### DATASET EXTRACT
::::

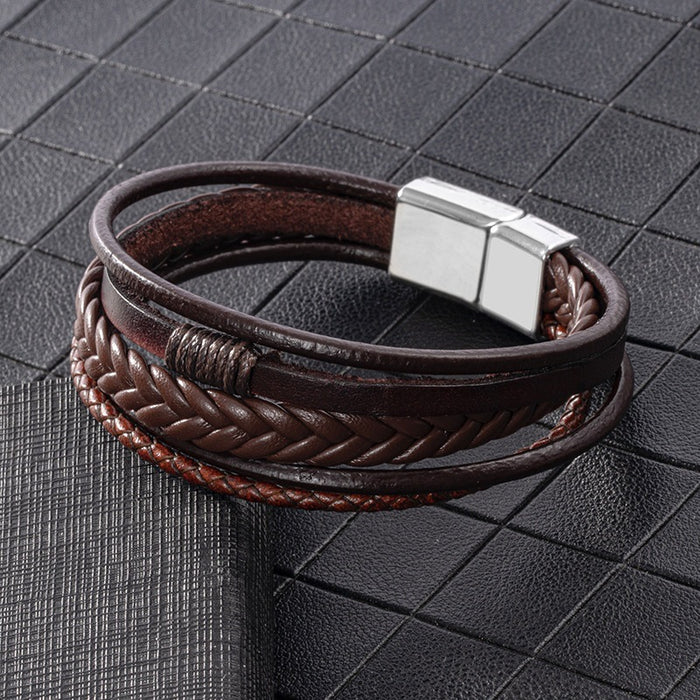 Wholesale Retro Leather Bracelet Fashion Simple Style Alloy Magnetic Buckle Hand-woven Men's Bracelet Personality Jewelry JDC-BT-XH009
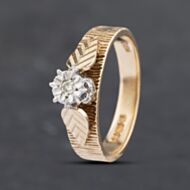 Pre-Owned Vintage 9ct Yellow Gold Brilliant Cut Diamond Bark Effect Shoulders Solitaire Ring 41382830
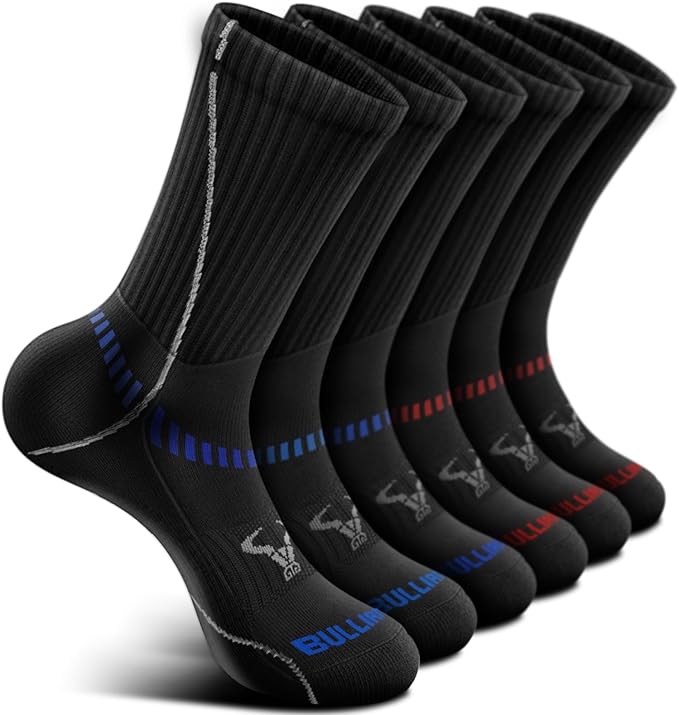 BULLIANT Compression Socks for Men 6Pairs, Athletic Crew Socks Cushioned For Men Sports Running-Arch Support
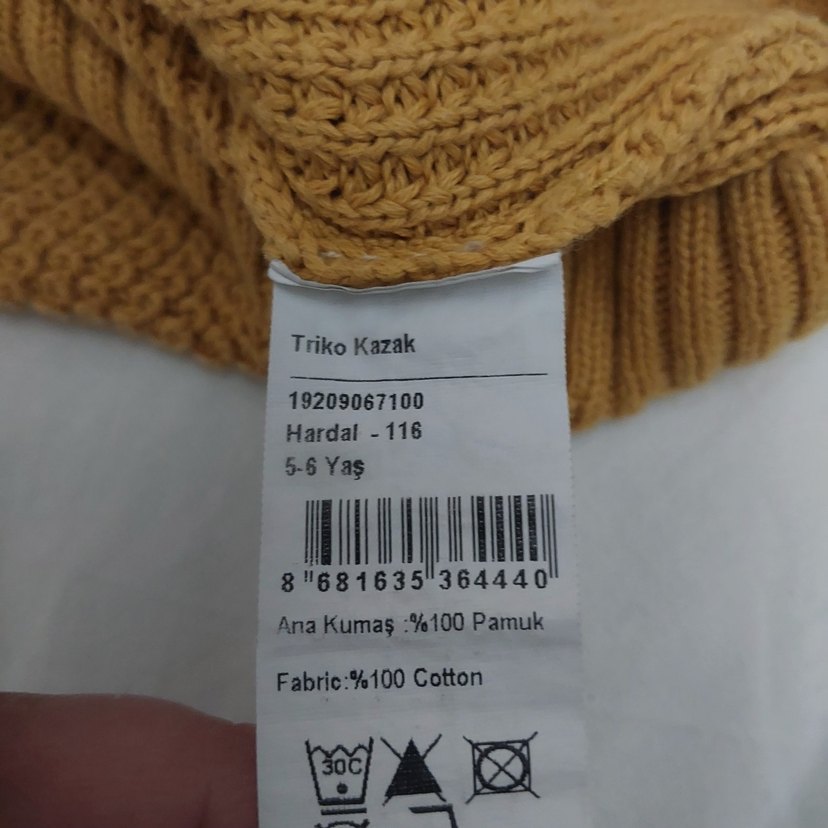 Kız Çocuk Bej Nakışlı Örgü Eldiven - Görsel 2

::::

### EXERCISE PROMPT
Give back the listing word for word, minus its images.

### ANSWER TO THE EXERCISE
 Wholesale Retro Leather Bracelet Fashion Simple Style Alloy Magnetic Buckle Hand-woven Men's Bracelet Personality Jewelry JDC-BT-XH009
 Pre-Owned Vintage 9ct Yellow Gold Brilliant Cut Diamond Bark Effect Shoulders Solitaire Ring 41382830
 BULLIANT Compression Socks for Men 6Pairs, Athletic Crew Socks Cushioned For Men Sports Running-Arch Support
 Kız Çocuk Bej Nakışlı Örgü Eldiven - Görsel 2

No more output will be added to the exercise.